▶ _WHAT THE TASK ASKS_:
Copy out only the lines running from the one that contains "Case 580 Super" through the end of the listing. Pictures stay out.

▶ _GIVEN RECORDS_:
━━━━

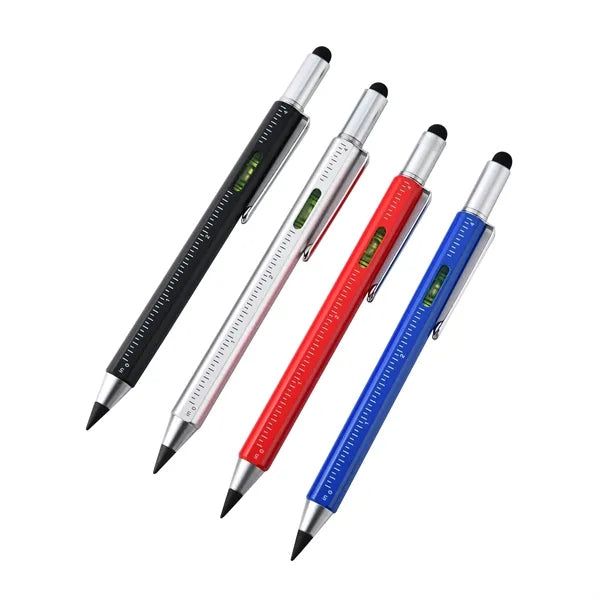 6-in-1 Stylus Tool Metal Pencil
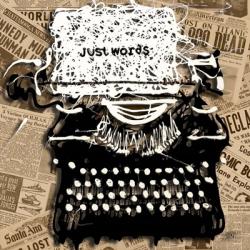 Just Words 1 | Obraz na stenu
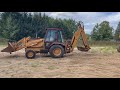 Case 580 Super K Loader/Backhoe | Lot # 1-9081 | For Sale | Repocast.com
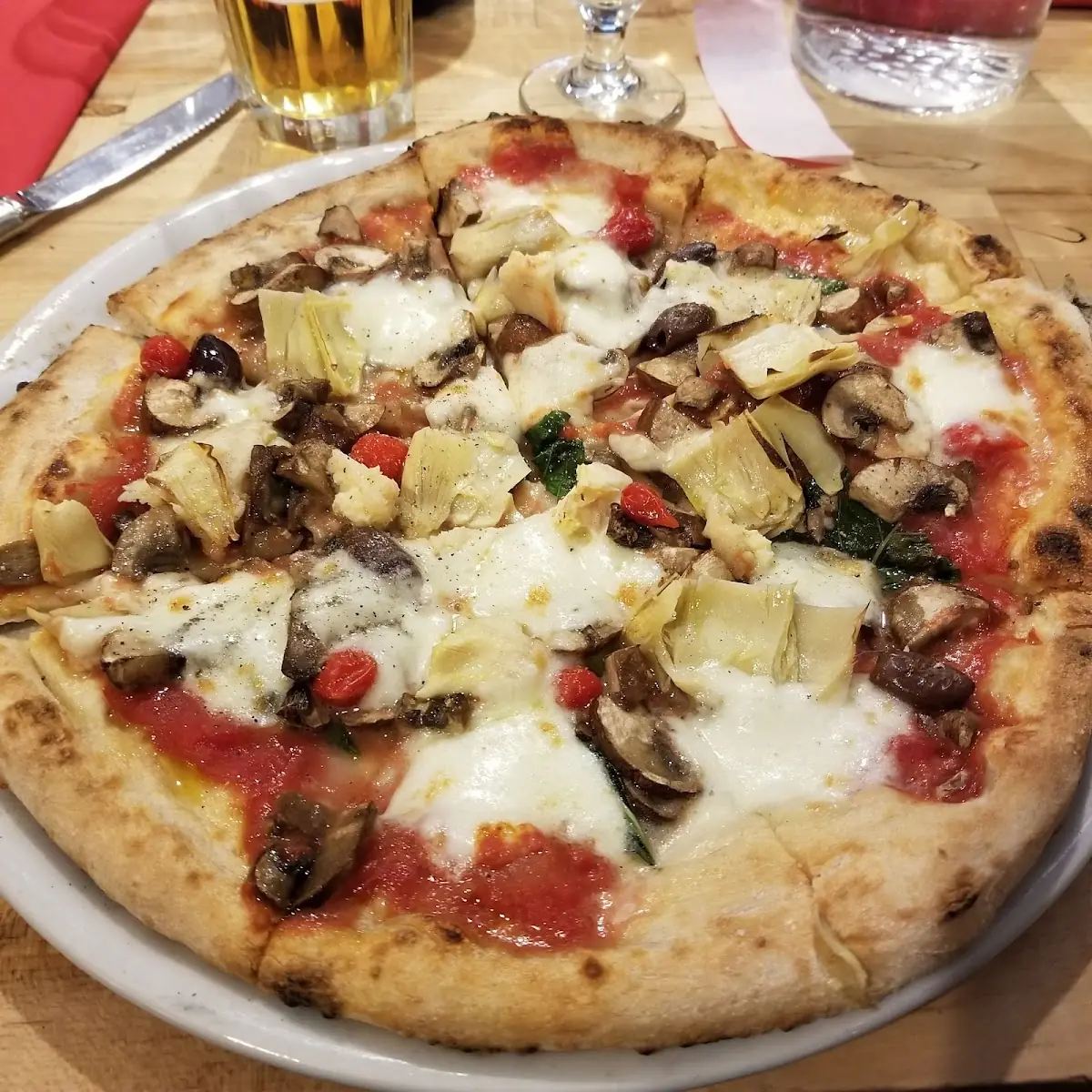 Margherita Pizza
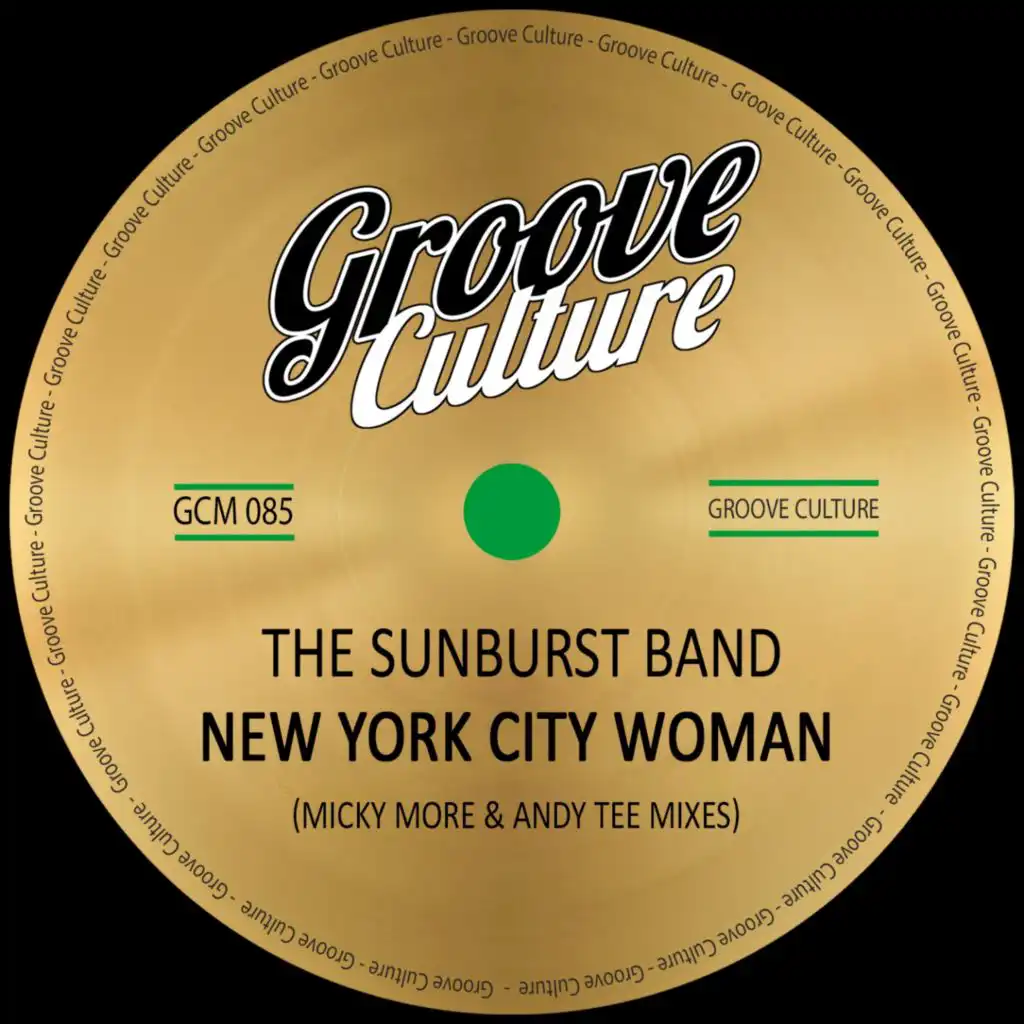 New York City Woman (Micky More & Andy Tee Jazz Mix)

━━━━

▶ _SOLUTION_:
 Case 580 Super K Loader/Backhoe | Lot # 1-9081 | For Sale | Repocast.com
 Margherita Pizza
 New York City Woman (Micky More & Andy Tee Jazz Mix)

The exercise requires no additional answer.